- [TASK TO COMPLETE]:
In the data below, the answer is the run of lines from the line containing "Blooming cherry trees" through the line containing "إقتصاد : 11", both included; print it exactly and nothing else.

-------- SUPPLIED DATA --------

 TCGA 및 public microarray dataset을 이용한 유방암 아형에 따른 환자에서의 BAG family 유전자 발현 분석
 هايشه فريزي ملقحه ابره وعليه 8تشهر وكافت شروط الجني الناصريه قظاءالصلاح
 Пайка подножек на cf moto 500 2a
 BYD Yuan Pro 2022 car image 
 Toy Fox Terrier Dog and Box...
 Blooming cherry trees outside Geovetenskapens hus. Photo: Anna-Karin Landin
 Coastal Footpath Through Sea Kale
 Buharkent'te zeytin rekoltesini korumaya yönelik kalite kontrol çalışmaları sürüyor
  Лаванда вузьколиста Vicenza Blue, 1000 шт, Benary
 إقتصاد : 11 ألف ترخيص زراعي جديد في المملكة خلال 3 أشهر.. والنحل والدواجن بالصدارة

--------
-------- SUPPLIED DATA --------

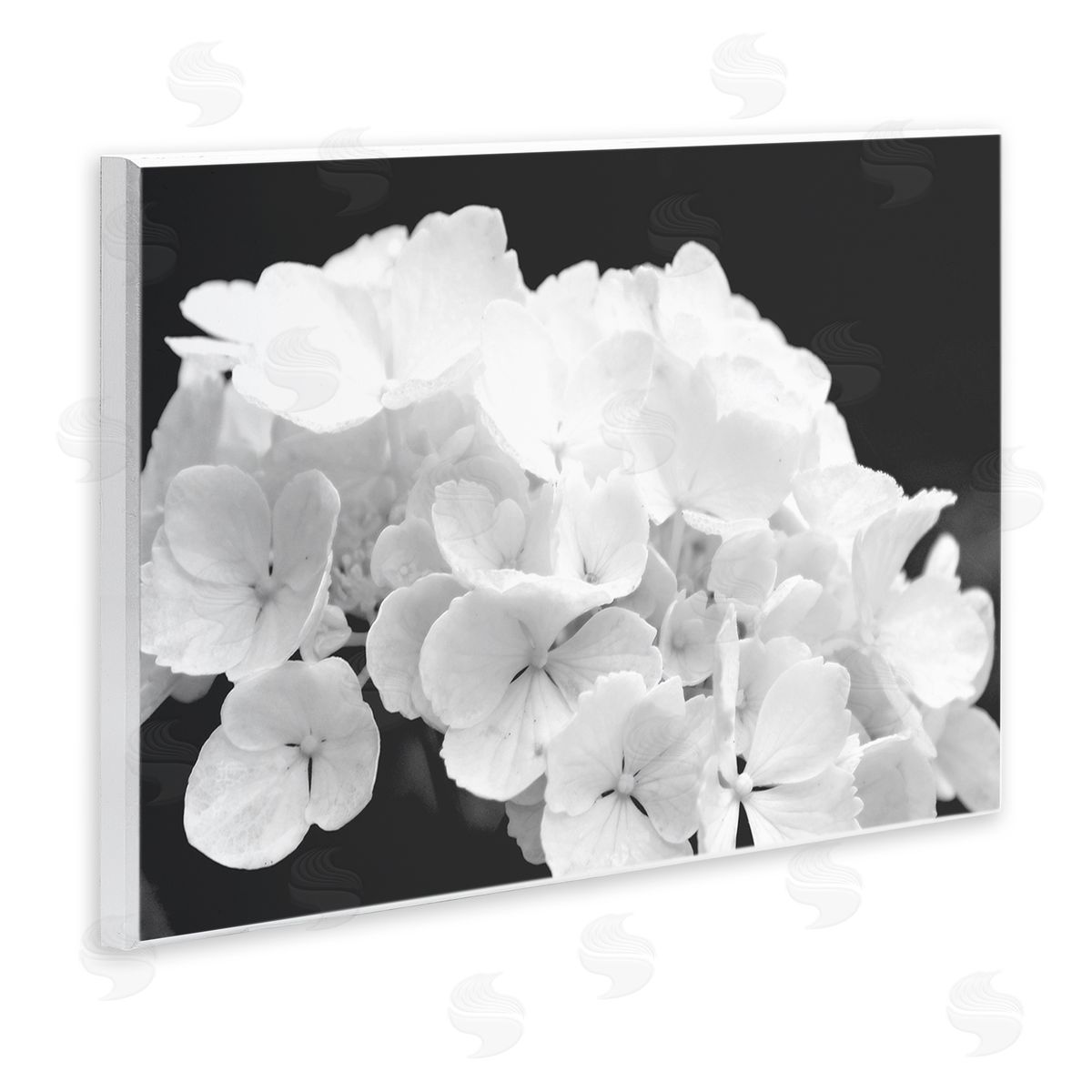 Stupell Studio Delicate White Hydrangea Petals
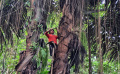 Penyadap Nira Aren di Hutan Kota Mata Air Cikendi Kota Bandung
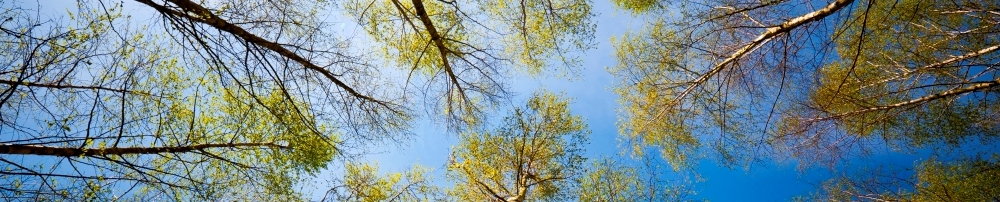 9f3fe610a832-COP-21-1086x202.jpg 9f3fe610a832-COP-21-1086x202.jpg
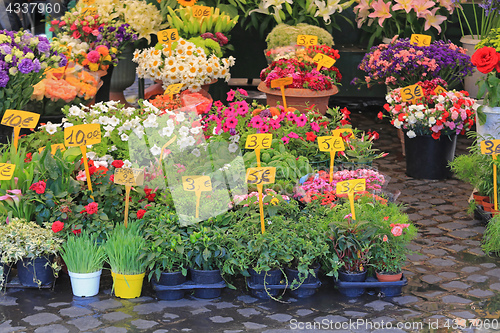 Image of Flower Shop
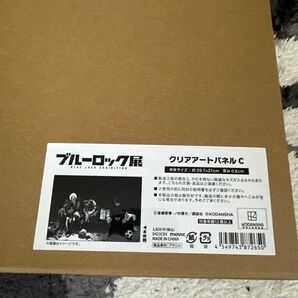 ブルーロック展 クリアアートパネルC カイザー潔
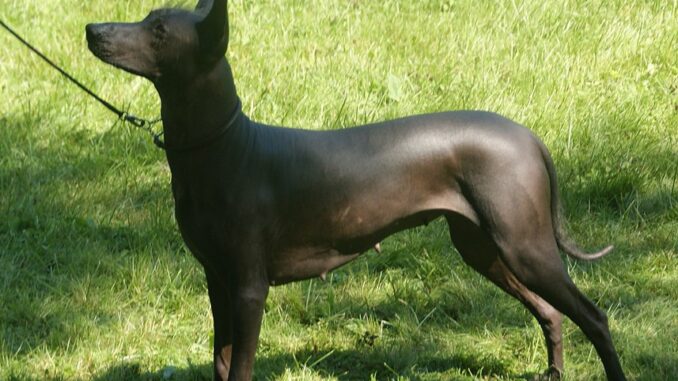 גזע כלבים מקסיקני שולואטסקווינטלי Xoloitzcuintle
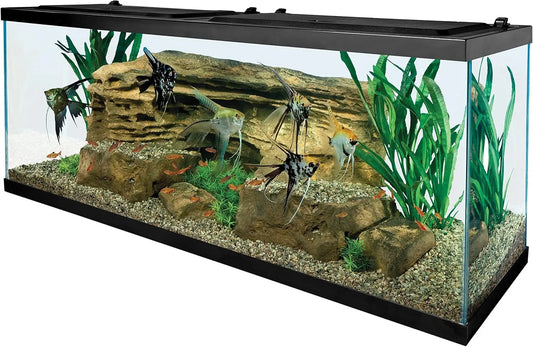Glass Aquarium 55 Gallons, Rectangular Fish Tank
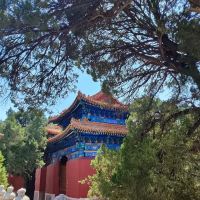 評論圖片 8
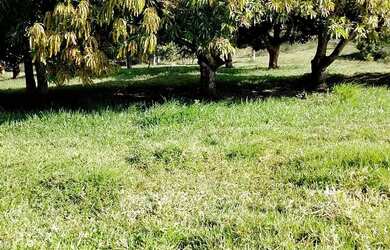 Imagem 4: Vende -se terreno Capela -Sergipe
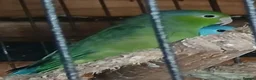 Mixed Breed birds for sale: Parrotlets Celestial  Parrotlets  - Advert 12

--------

- [SOLUTION TO THE PROBLEM]:
 Blooming cherry trees outside Geovetenskapens hus. Photo: Anna-Karin Landin
 Coastal Footpath Through Sea Kale
 Buharkent'te zeytin rekoltesini korumaya yönelik kalite kontrol çalışmaları sürüyor
  Лаванда вузьколиста Vicenza Blue, 1000 шт, Benary
 إقتصاد : 11 ألف ترخيص زراعي جديد في المملكة خلال 3 أشهر.. والنحل والدواجن بالصدارة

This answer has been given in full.